Tuesday, December 11, 2007

Adjusting from the Bubble of BGI


Returning from the wonderful experience that is BGI's monthly Intensives, part of the unique hybrid teaching experience that makes BGI what it is, is VERY hard and emotionally charged each and every time. I return from the bosom of a community of like-minded, committed, creative, intelligent, and incredibly passionate people with myriad backgrounds to a work situation that does not echo this. It's like I'm beamed from the land of enlightenment to the land of repression. I am most certainly biased. I am overjoyed to return and see my wife; being away and not having her there to share in my awe of what I am experiencing is not easy. I want to take BGI with me. I have people with me in spirit, but that's not enough. I want the whole darn thing to be transplanted somewhere in the Northeast.

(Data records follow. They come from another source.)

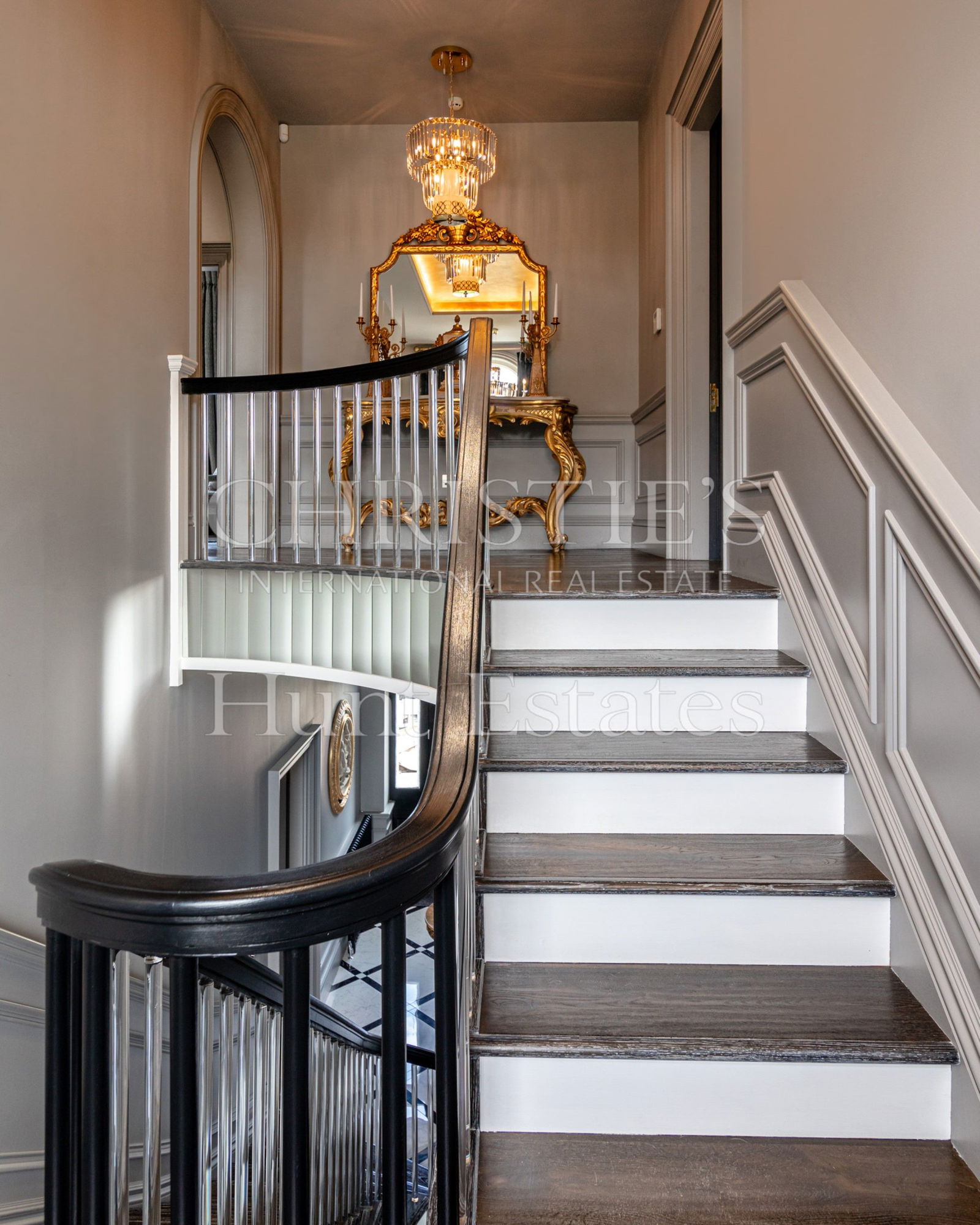 8 Bedroom Single Family Home/House's Image 17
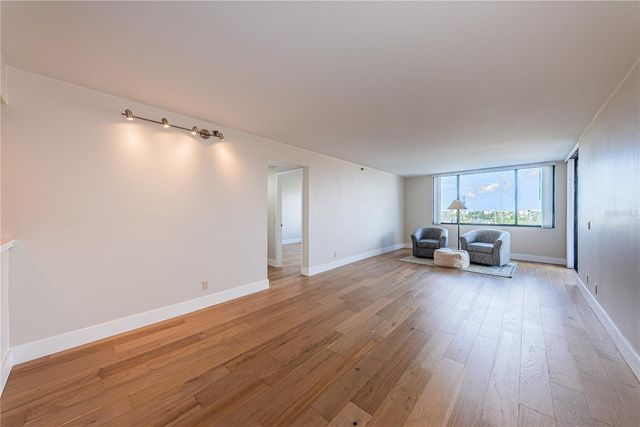 6322 PALMA DEL MAR BOULEVARD S 705, St Petersburg, FL 33715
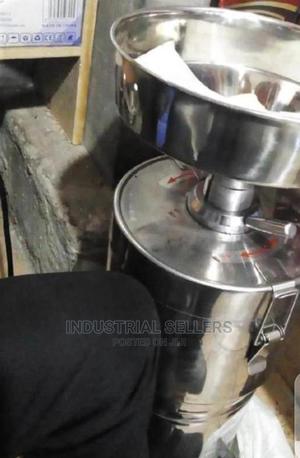 Commercial Peanut Butter Grinder - thumbnail 2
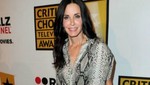 A Courteney Cox le gustan los hombres jóvenes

Sure, Marlboro's program is starting in January (at least that's the last I heard), but it wasn't soon enough for me.

The alumni were there this weekend. It was fabulous to see them in all their enthusiasm. Four people that were instrumental in my decision to attend BGI were there, and it was wonderful to meet two of them that I had not met before. It is also wonderful to note that BGI is gaining more attention "out there". Apparently Amory Lovins likes to wear his BGI baseball cap at various events; what an endorsement. At a Boston NetImpact dinner meeting with Peter Kinder of KLD Analytics on December 3rd, I mentioned that I was attending BGI as I asked some questions about SRI. He said something to the effect that the folks that attend BGI are not afraid of the heavy lifting, of asking these hard questions and working to figure them out. That felt good.

As I reflect on what the experience has been for me so far, I see that it is the continuation of the personal transformation I started in November of 2001 when I quit my job and started working in bicycle retail. I now have a place where we are being taught how to become the people we want to be, how to recognize the gap between current reality (both personal and external) and where we want to be. As I commented to a friend of mine met through NetImpact, peeling back the onion of one's self can be quite traumatic; realizing just how far I am from what I would like to be is painful, and owning that gap is hard and easy to ignore with the aid of diversions.

On the academic front, I have most definitely progressed. I can look at balance sheets and make some general observations about the company's performance. I am getting my head around sustainability reporting and what "sustainability" means (a process, not necessarily a destinations). I am becoming more comfortable with the gray areas that make up triple bottom line thinking; it's different for everyone. I have stretched myself (a bit) to look at "me", look at my contribution to the systems within which I function and therefore contribute to, and how I can be a leader in changing business and society in the long run.

December 10, 2007 is a day of two great events...Al Gore's Nobel Peace Prize speech (not so much Mr. Gore, though I respect his leadership, but the fact that he has been banging the drum for climate change action for so long, and it was recognized as necessary and important) and the first concert by Led Zeppelin in 15 years at the O2 hall in London. More than 1 million people globally registered to have access to only 15,000 seats. Imagine if could harness that market draw to push for climate change action.